If you are currently paying $60 a year for the unlimited tier of Amazon Drive, the days of enjoying an overabundance of storage space are numbered. Amazon announced that it is killing off that tier effective today, June 8th.
As of today, you can no longer sign up for the unlimited tier and that same $60 a year price will now only offer 1TB of storage space. Amazon says that it will now allow customers to purchase up to an additional 30TB of storage at $60 per TB. For those that were using well over 1TB of storage when their unlimited plans, this pricing change will likely be a bitter pill to swallow.
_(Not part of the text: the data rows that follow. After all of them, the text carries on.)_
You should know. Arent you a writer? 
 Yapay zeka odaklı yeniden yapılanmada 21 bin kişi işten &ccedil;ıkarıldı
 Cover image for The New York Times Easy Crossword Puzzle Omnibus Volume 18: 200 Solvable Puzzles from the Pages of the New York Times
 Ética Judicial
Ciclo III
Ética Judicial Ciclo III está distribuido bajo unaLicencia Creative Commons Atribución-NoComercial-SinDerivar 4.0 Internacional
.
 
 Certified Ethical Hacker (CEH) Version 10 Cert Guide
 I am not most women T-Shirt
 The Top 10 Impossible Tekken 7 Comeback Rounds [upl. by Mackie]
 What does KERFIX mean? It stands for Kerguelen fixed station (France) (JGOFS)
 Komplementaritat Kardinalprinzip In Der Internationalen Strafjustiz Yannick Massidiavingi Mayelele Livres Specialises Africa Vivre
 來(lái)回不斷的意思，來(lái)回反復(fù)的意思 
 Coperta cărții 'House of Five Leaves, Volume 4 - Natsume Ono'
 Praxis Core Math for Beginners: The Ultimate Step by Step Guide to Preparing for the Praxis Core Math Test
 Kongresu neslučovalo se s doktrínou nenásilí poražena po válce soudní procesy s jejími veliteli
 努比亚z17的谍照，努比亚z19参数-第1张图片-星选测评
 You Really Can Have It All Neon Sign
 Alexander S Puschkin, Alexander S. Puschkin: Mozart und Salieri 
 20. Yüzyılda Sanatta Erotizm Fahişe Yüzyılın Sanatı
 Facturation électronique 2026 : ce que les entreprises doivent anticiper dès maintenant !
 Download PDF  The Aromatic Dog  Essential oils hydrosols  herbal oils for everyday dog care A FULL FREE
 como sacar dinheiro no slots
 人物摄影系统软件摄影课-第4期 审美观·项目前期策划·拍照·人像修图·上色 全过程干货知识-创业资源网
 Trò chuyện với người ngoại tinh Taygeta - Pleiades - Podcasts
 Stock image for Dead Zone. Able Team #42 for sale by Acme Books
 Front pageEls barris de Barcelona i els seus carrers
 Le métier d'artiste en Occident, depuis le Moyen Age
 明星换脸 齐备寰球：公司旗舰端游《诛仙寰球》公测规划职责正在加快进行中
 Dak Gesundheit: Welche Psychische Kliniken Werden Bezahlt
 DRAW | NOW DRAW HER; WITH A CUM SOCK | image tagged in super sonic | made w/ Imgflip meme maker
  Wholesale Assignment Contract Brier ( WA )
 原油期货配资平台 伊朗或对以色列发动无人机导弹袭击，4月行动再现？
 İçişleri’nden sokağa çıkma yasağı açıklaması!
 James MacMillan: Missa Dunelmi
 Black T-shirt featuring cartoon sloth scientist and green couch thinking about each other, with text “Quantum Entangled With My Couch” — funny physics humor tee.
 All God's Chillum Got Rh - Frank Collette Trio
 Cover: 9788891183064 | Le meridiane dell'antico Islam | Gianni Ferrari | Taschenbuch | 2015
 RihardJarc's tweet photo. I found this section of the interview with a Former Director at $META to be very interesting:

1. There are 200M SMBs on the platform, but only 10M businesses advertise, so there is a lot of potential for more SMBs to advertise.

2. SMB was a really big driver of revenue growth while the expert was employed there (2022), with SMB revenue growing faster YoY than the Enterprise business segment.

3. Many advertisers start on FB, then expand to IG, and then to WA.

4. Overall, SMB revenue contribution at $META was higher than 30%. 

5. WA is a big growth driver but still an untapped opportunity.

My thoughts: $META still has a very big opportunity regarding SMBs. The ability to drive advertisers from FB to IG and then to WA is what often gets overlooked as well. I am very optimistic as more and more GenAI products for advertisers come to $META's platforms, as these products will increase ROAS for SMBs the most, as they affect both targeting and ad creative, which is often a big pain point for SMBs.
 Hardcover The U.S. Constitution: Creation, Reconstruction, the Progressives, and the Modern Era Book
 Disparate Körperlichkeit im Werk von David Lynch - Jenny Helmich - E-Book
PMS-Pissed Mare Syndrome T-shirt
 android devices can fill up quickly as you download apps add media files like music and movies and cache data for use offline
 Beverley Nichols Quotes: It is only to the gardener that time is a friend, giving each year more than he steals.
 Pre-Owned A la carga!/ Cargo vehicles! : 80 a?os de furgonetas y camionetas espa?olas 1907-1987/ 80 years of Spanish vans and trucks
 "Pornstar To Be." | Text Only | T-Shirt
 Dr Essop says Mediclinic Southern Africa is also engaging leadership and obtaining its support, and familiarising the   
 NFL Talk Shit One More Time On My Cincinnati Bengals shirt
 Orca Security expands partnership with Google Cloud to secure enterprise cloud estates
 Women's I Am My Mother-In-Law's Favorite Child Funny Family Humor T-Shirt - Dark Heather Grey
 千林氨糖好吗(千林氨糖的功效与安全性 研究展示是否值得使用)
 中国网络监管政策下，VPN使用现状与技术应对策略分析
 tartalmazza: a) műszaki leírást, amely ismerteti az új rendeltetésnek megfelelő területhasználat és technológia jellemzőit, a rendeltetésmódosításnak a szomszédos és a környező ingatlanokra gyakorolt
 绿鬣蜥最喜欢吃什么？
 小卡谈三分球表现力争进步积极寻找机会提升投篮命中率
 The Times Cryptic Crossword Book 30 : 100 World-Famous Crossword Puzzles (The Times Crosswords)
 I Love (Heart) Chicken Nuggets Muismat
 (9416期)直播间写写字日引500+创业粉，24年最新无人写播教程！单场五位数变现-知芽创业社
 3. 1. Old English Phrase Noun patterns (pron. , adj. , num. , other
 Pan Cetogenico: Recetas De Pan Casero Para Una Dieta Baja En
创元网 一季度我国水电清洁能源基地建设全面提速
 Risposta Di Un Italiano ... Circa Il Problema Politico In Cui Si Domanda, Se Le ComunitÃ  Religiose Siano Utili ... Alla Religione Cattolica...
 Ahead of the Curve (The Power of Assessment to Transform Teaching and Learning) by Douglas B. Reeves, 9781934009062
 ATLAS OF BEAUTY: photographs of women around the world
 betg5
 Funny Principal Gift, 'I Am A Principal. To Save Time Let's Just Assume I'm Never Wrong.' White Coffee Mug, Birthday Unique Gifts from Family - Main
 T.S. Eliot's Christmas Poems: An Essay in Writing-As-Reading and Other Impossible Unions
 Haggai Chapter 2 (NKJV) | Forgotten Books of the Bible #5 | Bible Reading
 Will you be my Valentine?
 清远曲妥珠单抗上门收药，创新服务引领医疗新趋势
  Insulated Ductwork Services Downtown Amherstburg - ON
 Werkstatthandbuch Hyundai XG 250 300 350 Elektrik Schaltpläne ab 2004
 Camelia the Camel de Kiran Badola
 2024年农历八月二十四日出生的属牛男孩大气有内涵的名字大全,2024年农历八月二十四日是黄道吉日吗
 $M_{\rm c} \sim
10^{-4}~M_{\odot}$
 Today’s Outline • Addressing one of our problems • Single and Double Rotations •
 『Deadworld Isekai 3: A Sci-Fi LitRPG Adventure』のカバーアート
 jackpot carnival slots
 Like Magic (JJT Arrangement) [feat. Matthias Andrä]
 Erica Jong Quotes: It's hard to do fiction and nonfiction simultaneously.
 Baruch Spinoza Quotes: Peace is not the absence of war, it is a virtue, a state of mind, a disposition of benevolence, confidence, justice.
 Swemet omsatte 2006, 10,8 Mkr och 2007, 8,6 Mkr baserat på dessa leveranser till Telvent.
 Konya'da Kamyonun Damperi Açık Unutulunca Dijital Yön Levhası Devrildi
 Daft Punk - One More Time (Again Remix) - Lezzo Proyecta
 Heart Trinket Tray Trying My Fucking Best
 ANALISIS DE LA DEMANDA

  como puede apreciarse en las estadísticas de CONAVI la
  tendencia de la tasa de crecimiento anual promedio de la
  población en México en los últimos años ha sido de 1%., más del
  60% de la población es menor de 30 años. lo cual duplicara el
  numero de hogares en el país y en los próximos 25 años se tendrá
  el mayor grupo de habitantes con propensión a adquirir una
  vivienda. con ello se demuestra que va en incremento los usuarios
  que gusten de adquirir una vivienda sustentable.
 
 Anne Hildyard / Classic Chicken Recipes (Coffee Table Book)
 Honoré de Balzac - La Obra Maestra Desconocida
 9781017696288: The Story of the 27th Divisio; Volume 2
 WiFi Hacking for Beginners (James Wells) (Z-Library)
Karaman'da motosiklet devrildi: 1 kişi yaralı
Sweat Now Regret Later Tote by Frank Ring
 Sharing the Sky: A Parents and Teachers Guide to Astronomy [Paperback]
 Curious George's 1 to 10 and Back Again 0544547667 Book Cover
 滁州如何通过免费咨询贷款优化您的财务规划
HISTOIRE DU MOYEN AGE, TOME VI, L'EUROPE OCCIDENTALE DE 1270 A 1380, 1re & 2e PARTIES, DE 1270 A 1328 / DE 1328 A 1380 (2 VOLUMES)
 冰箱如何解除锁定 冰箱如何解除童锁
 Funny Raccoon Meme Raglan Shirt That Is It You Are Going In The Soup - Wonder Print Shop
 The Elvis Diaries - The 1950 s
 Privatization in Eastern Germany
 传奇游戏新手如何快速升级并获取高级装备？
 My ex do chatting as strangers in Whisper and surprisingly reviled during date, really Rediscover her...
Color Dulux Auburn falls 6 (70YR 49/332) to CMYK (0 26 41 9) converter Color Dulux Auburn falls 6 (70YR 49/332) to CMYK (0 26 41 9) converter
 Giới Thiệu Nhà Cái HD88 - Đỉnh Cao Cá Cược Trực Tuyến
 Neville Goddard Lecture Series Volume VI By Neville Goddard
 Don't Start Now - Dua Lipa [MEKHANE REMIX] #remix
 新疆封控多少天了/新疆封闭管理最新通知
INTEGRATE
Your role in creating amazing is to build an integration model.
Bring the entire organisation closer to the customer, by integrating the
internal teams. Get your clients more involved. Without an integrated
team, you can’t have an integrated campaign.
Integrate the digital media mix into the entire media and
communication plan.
If you currently have an unlimited plan, you will be able to keep that store tier until your plan is up for renewal. At that time, you will be renewed at the same $60 price, but with only 1TB of storage. Once your unlimited service eventually expires, your files won’t be immediately culled to meet the 1TB threshold — instead, you will be given 180 days to either download or delete your “excess” data. After that point, Amazon will take it upon itself to delete your data.
We should mention that despite the removal of the unlimited Amazon Drive storage tier, Amazon Prime customers still have access to unlimited photo storage. In addition, all customers that sign up for Amazon Drive will receive 5GB of storage for free.
Amazon’s decision to kill off the unlimited store tier is disappointing, but mirrors a similar move by Microsoft in late 2015. Microsoft used to offer unlimited OneDrive cloud storage for Office 365 subscribers, but dropped it down to 1TB in November 2015. At the time, Microsoft blamed the service reduction on data hogs who were abusing the service.
“A small number of users backed up numerous PCs and stored entire movie collections and DVR recordings,” said the OneDrive team in November 2015. “In some instances, this exceeded 75 TB per user or 14,000 times the average. Instead of focusing on extreme backup scenarios, we want to remain focused on delivering high-value productivity and collaboration experiences that benefit the majority of OneDrive users.”